I was proud to discover that I just gained back a week of my life. I thought that yesterday was the 15th, but it was only the 8th. What a relief. My honey wrote me a note today. He says that he wants to kiss me, but he's too shy. He says he wants me to kiss him instead. I don't think that's fair at all! I think he should kiss me now that we've established that we both want to kiss.
Please try to forget all the weird stuff I said yesterday. I was being crazy. Ha-Ha.
So, this is all out in the open. I want us to kiss, he wants us to kiss. It just doesn't seem very romantic this way.
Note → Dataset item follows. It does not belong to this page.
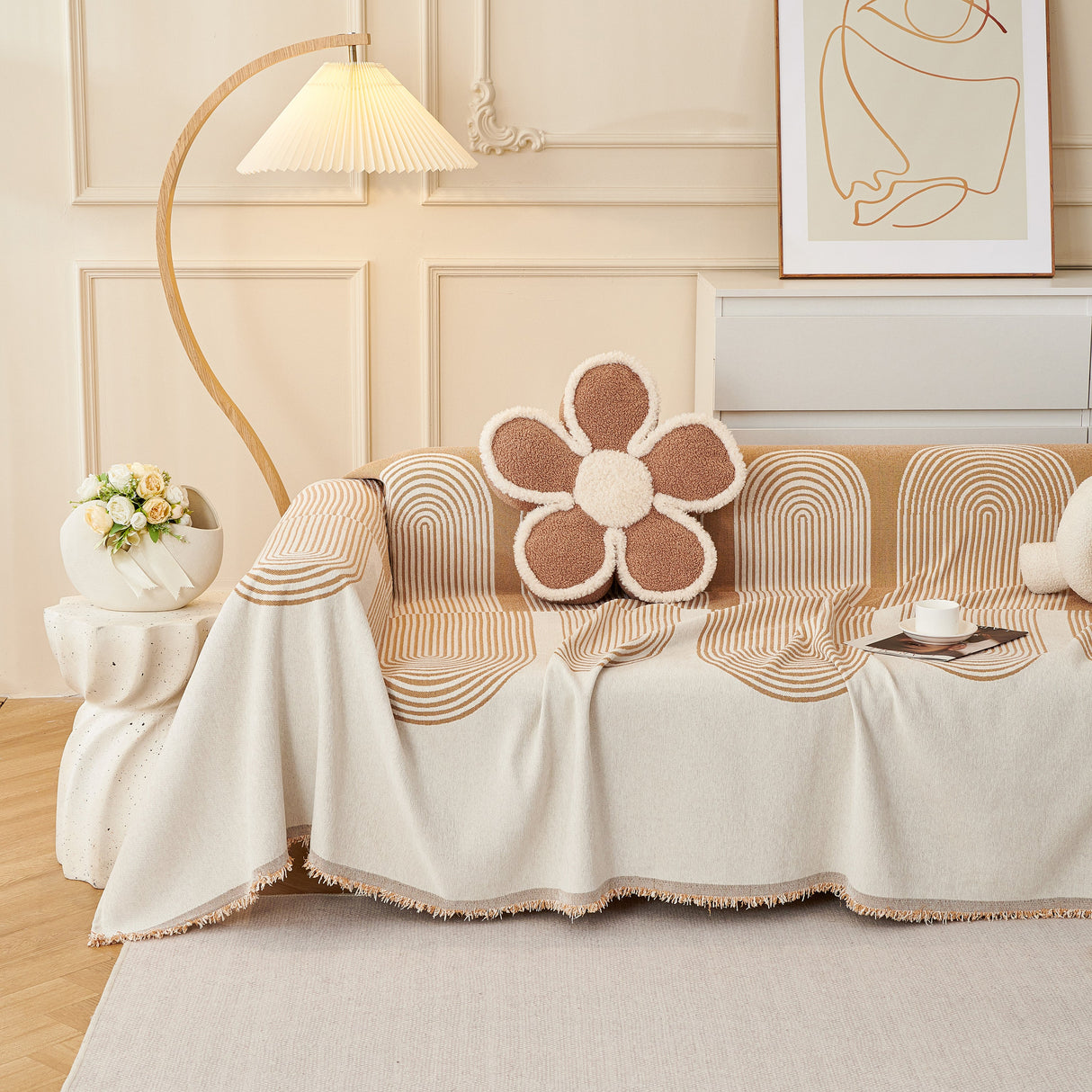 Chenille Boho Geometric Sofa Throw Cover Luxury Throws for Sofas Cat Proof Slipcovers Couch Covers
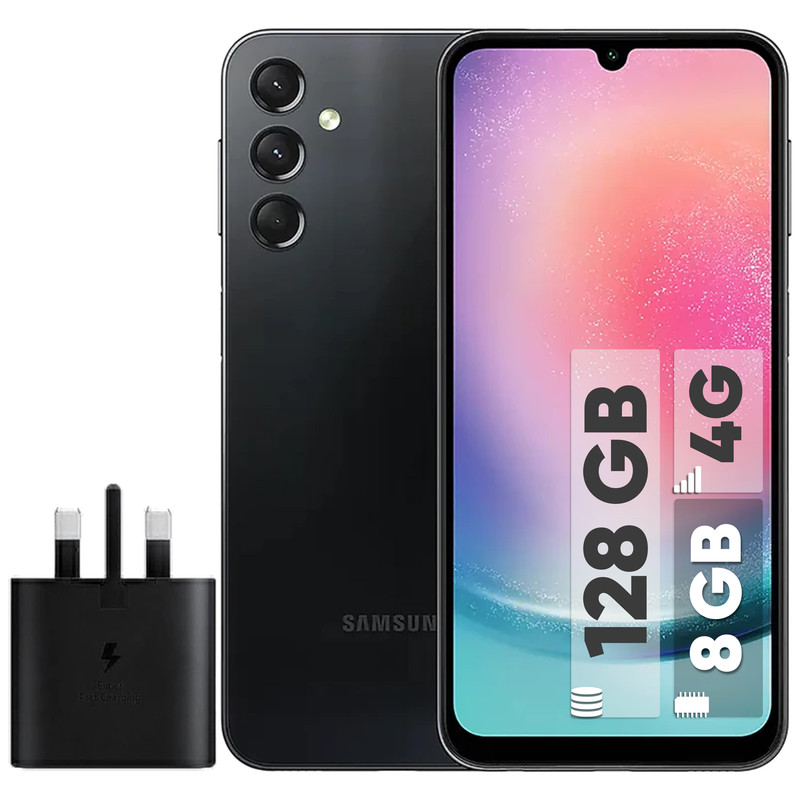 گوشی موبایل سامسونگ مدل Galaxy A24 4G دو سیم کارت ظرفیت 128 گیگابایت و رم 8 گیگابایت به همراه شارژر سامسونگ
I know, I know. I'm a whiner. Before I didn't want to kiss him because I didn't know if he wanted to. Now I don't because I know he does and it completely ruins the MOOD for me. Haha.
Today I found out what grades I'm getting for the quarter. English C, Geometry C, NW History B-, Bible B+, P.E. A, CSI is either an A or B. ELS, I still don't know. I don't think that's TOO bad of grades. The Iowa tests came back and said that I tested at the level of someone in their third year of college. I'm only in tenth grade, so I think that's awesome. Now I have the head about the size of Seattle, no problem. Mr. S says that I should be getting straight As in school. Guess I need to try harder, huh?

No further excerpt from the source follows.